Abstract The objective of this study was to observe low-frequency instabilities caused by heating of kerosene under supercritical operating conditions. Gaseous oxygen and liquid kerosene were injected using a shear-coaxial injector. Under specific heating conditions, the fuel heating system induced an extremely low frequency pressure fluctuation ranging from 9.9 to 11.4Hz. When pressure oscillation occurred in the heating system, low-frequency combustion instability was subsequently induced in the range of 30–200Hz. To understand the effects of the fuel heating temperature on the combustion instability, the dynamic pressure and OH* chemiluminescence intensity were measured in a combustion chamber at high speed. Further, the reacting spray of the combustion was visualized by a shadowgraph technique. In this experiment, an approximate fuel pressure of 3.0MPa was employed in order to attain a supercritical condition of kerosene. The measured dynamic pressure and chemiluminescence intensity in the time domain were converted to frequency-domain spectra by fast Fourier transform. Analysis of the dynamic pressure and chemiluminescence intensity measurements confirmed that the low-frequency pressure oscillation in the heating system had an influence on the combustion instability. From the visualization data, it was also revealed that there existed varying amplitude levels of flow rate fluctuation.

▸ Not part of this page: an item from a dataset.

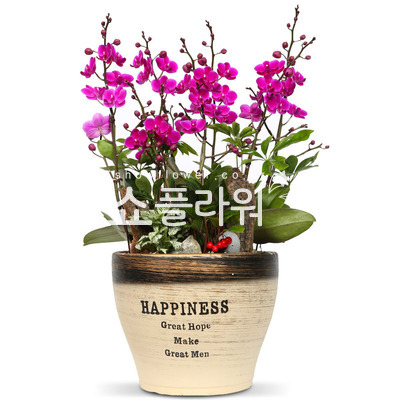 만천홍(고급)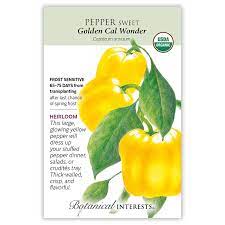 Pepper Sweet Bell 'Golden Cal Wonder'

This fluctuation in turn caused a periodic injection of kerosene at a frequency similar to both the combustion instability frequency and the OH* chemiluminescence intensity frequency.

Highlights • Acoustic droplet vaporization caused combustion instability under high fuel temperature. • The combustion instability intensity increased with an increase in the fuel temperature. • Fuel instability is the reason of the sound wave produced by a choked flow in an orifice.